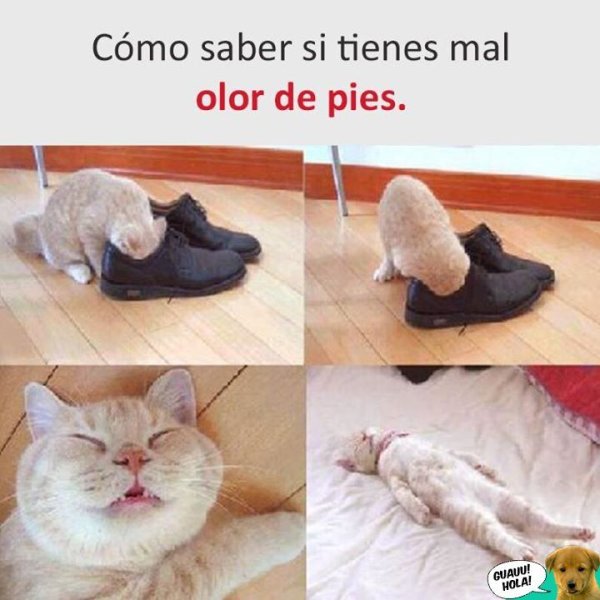 Кот носок мемы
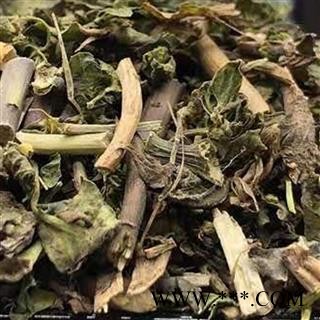 瑞森药材行猫眼草猫儿眼草 猫耳草 打碗花 新货图2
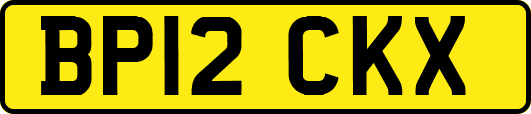 BP12CKX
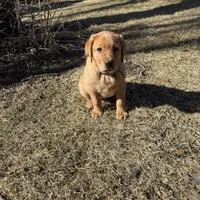Cheyenne , a female Labrador Retriever for sale in Marengo, IL – Photo 10 of 10
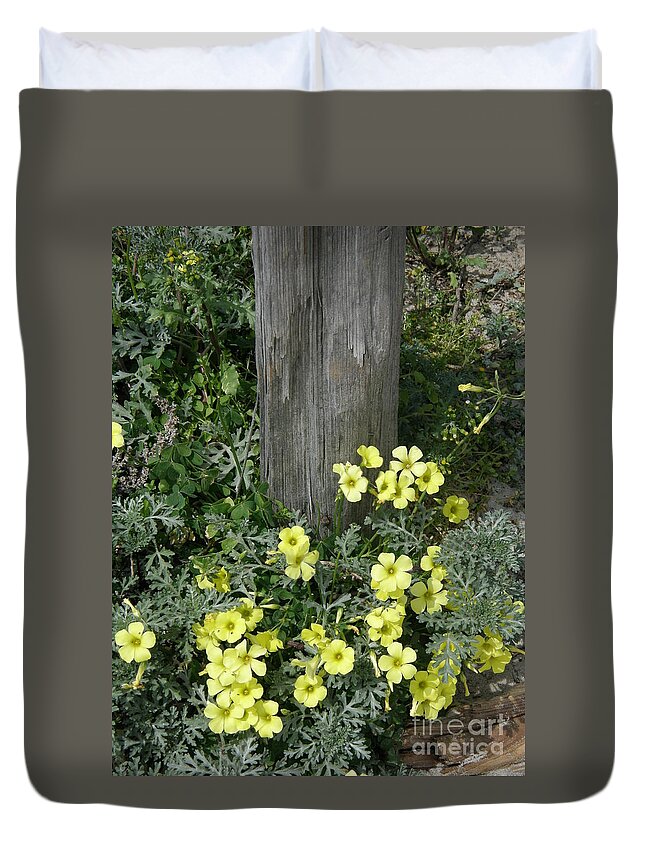 Happy Duvet Cover featuring the photograph Happy Yellow Flowers by Bev Conover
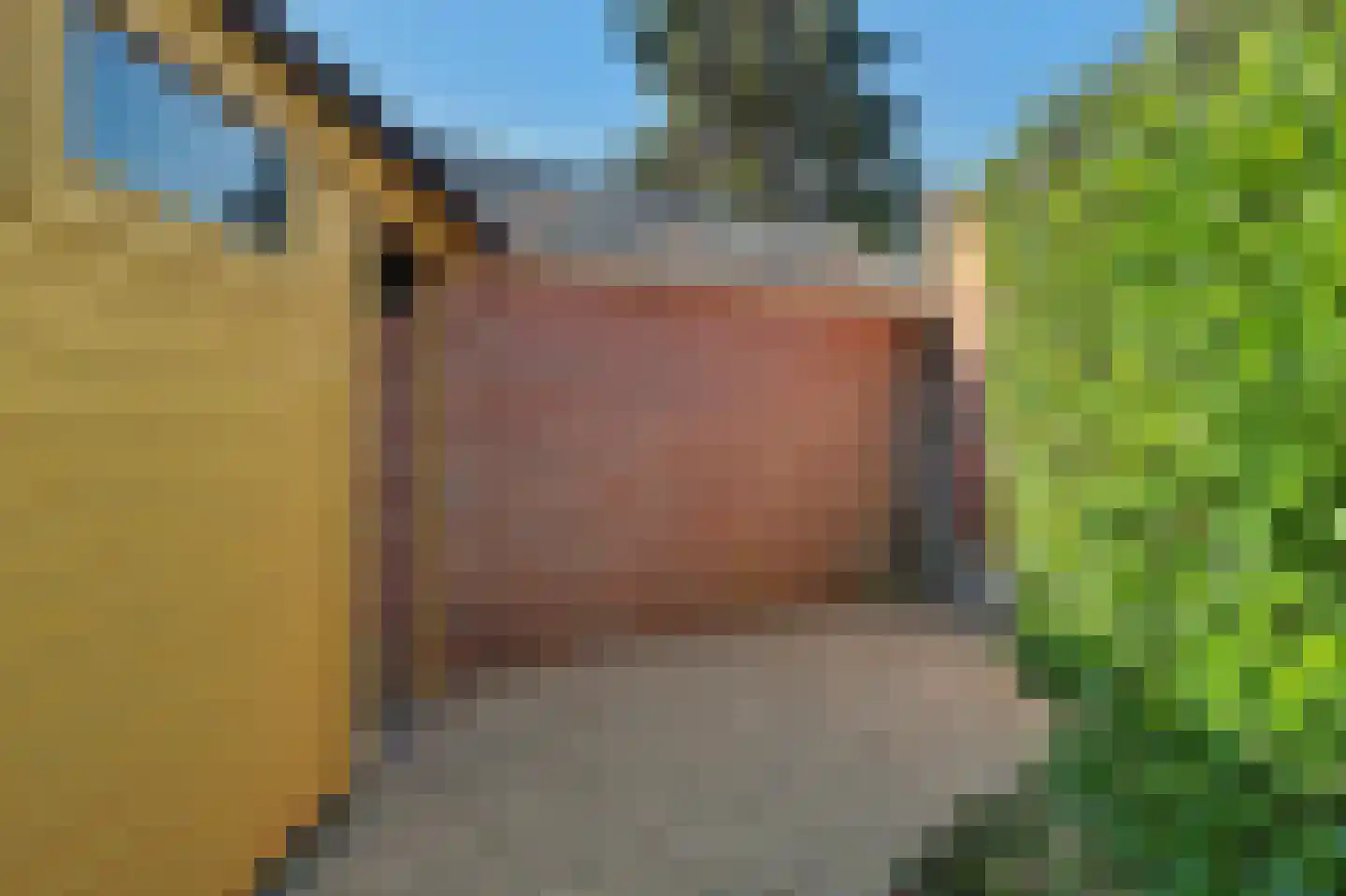 Havelaarstraat 64 Colijnsplaat thumbnail 24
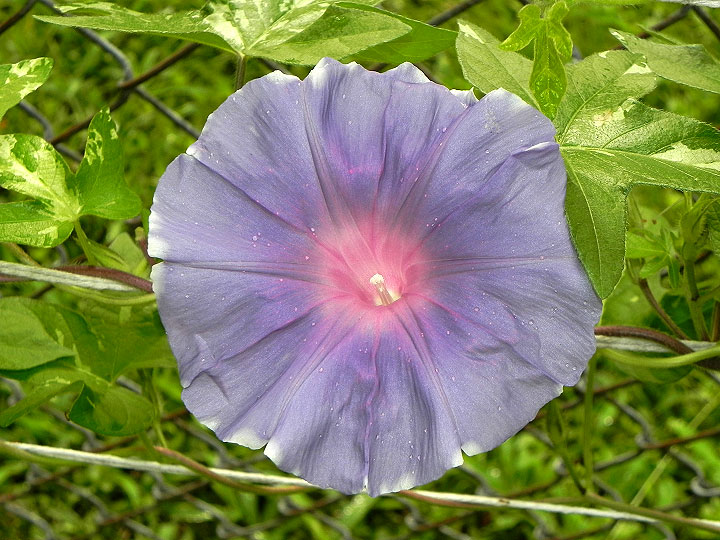 DSCN4889_01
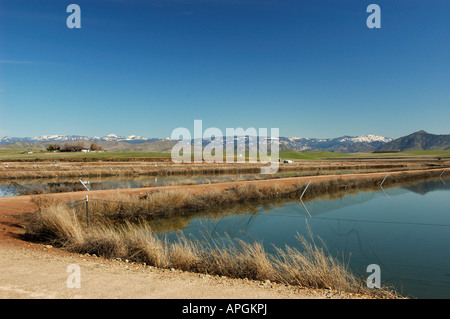 Fisch Brüterei Central Valley in Kalifornien in der Nähe von Fresno Sierra Nevada Berge Winter Stockfoto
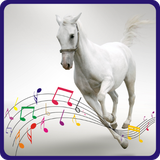 com.developerzx.animalvoice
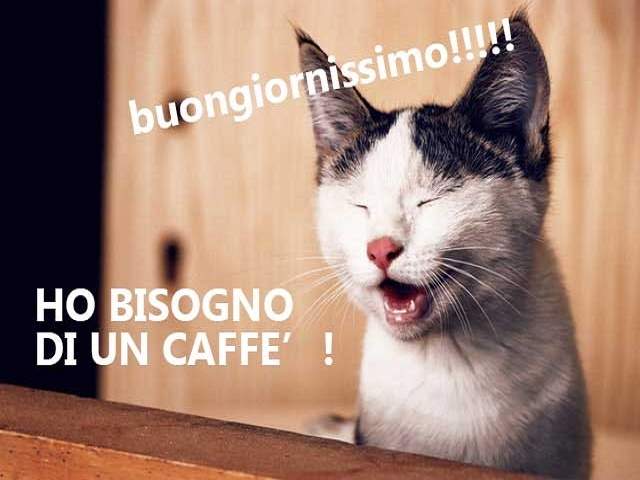 Buongiornissimo! Ho bisogno di un caffè!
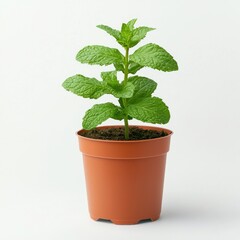 Fototapeta premium A potted mint plant with fresh green leaves.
━━━━━━━━━━
### Problem to solve
Reproduce the lines of the data that run from the one containing "Fisch Brüterei Central" to the final line, both included, exactly as they appear and without the pictures.

### Response for this exercise
 Fisch Brüterei Central Valley in Kalifornien in der Nähe von Fresno Sierra Nevada Berge Winter Stockfoto
 com.developerzx.animalvoice
 Buongiornissimo! Ho bisogno di un caffè!
 Fototapeta premium A potted mint plant with fresh green leaves.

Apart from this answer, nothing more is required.